王艺璇 22级人文创新班
我今天讨论的话题是喜欢林黛玉还是薛宝钗,或者说您是尊林贬薛还是尊薛贬林。
首先,我并不同意对两者一尊一贬之说,在红楼梦第五回中,宝玉在太虚幻境喝的茶是千红一窟(哭),饮的酒是万艳同杯(悲),所有的女儿都是薄命司,落不得美满结局,在这样一个主题下去给钗黛分高下,未免落俗,我想这也有违作者的本意。在这一点上我比较认同周汝昌老师的观点,小女儿个性不同是很正常的,也都有各自的短处,但是不能说她们是坏人,是存着心去害人的,过于贬低她们。
建立在这个认识的基础上,再来谈林黛玉和薛宝钗二人,相较起来,我更欣赏林黛玉。
先来谈谈薛宝钗,薛宝钗这一人物身上最突出的特点都是“会做人”,第五回薛宝钗初到荣府的时候,人们对她最初的印象就是:年纪虽大不多,然品格端方,容貌丰美,人多谓黛玉不及。宝钗行为豁达,不比黛玉孤高自许,所以比黛玉得下人的心。她的为人不但受到贾母等人的称赞,就连几乎对一切人都怀着嫉恨的赵姨娘,也不由得称赞宝钗,在第六十七回,赵姨娘说:“怨不得别人都说宝丫头好,很大方,会做人。如今看起来,果然不错。”这种会做人的处世之道,已经成为了一种她自己也未必认识到了的自然习惯。在书中这样的例子还有很多,比如第二十二回贾母过生日,第四十五回黛玉生病时宝钗带着补品前去探望等。

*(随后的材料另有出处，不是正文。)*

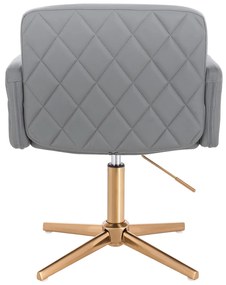 HR802CROSS Scaun Gri din Piele Ecologica cu Bază Aurie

总之,在薛宝钗身上,无论是她的自甘淡泊,宽以待人,还是大智若愚都可以概括为一句话:“会做人”。值得指出的是,薛宝钗身上所表现出来的上述为人处世之道,已经远远不是封建正统闺范所能概括得了的。可以说,薛宝钗这一人物自身具有很强的复杂性。
对于传统的伦理原则、现实社会的秩序,以及现存的人际关系,薛宝钗不是一个被动的接受者,而是一个积极主动的认同者。

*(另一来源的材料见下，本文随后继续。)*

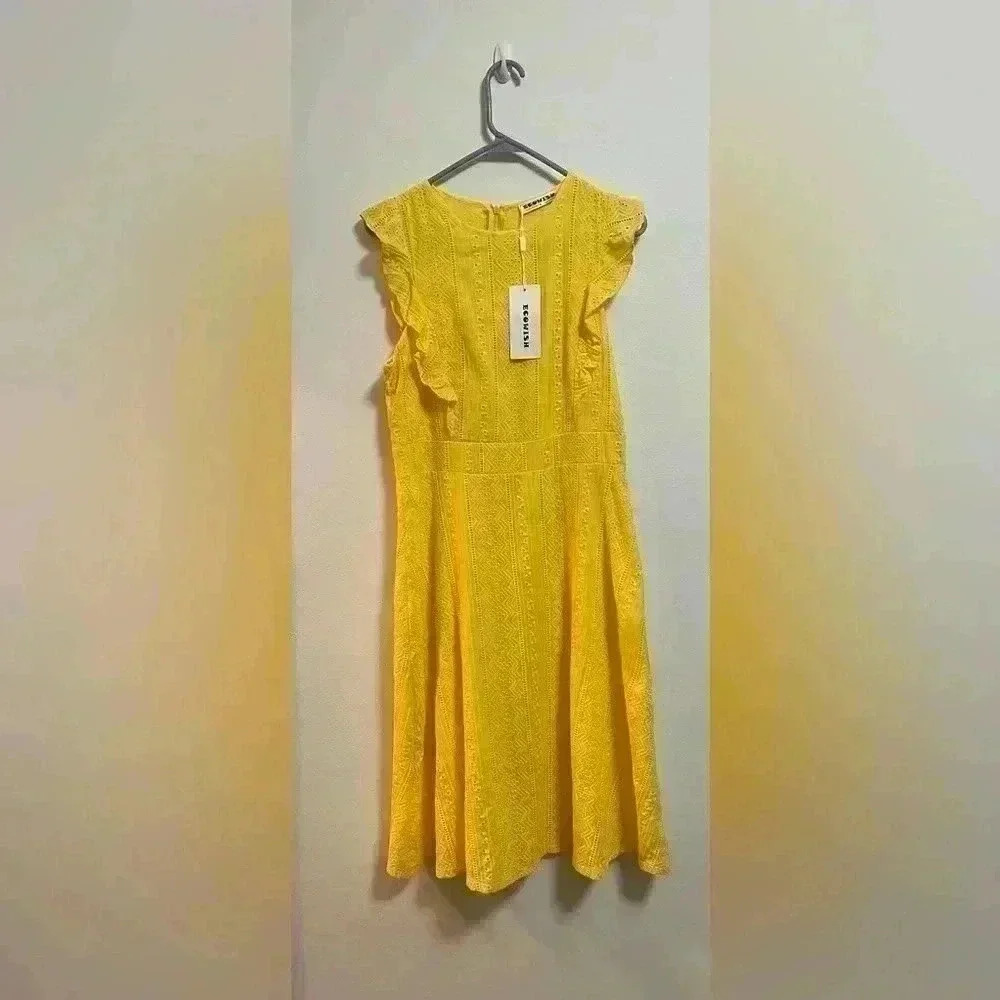 NWT - Ecowish - Women’s Canary Yellow Cap Sleeve Crochet MIDI Dress - Size S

尽管这个人物本身有时也许并不缺乏人性的优美之处,然而,当自然人性与伦理原则发生冲突的时候,她总是自觉地依附原则而压抑感情。对薛宝钗来说,封建的伦理原则,也就是她的生活准则。第四十二回黛玉在行酒令中无意中提到《西厢记》中的一句“良辰美景奈何天”,被宝钗抓住,趁机教训了一顿。宝钗自称,自己年幼时也曾一度热衷于读“闲书”,而怕读“正经书”的,而一旦成人之后,在封建家长的管束之下,她不但自觉地放弃了自己过去的爱好,而且以一付正人君子的面孔教训黛玉:“所以咱们女孩儿家不识字的倒好……,既认得了字,不过拣那正经书看也罢,最怕见些杂书,移了性情,就不可救了”。长期的封建正统教育和家庭环境的熏陶,已经使抽象的伦理原则变为了这个贵族少女的自觉行动,而使她逐渐失去了一个少女的天真、稚气和单纯。青春的热情正在她的身上收缩,退却为一种成年人的稳重和世故。平心而论,作为一个青春少女,宝钗对宝玉并不是没有任何感情的,连傻子薛蟠都能看出了自己的妹妹对宝玉有情。然而,在宝钗看来,婚姻大事完全要听命于封建家长,青年男女谈情说爱是一种不道德的行为,她宁愿压抑自己的情感与天性,为了维护封建的伦理原则,不做贾母所指责的那种“人不人,鬼不鬼”的人,把自己的真情掩藏起来,而且还故意“远着宝玉”。虽然最后得到贾府最高统治者的首肯,她终于成为了“宝二奶奶”,然而“纵然是齐眉举案,到底意难平”,始终没有能得到宝玉的心。对薛宝钗来说,伦理原则永远比真实的生命更为重要,而这正是宝钗一生的悲剧根源。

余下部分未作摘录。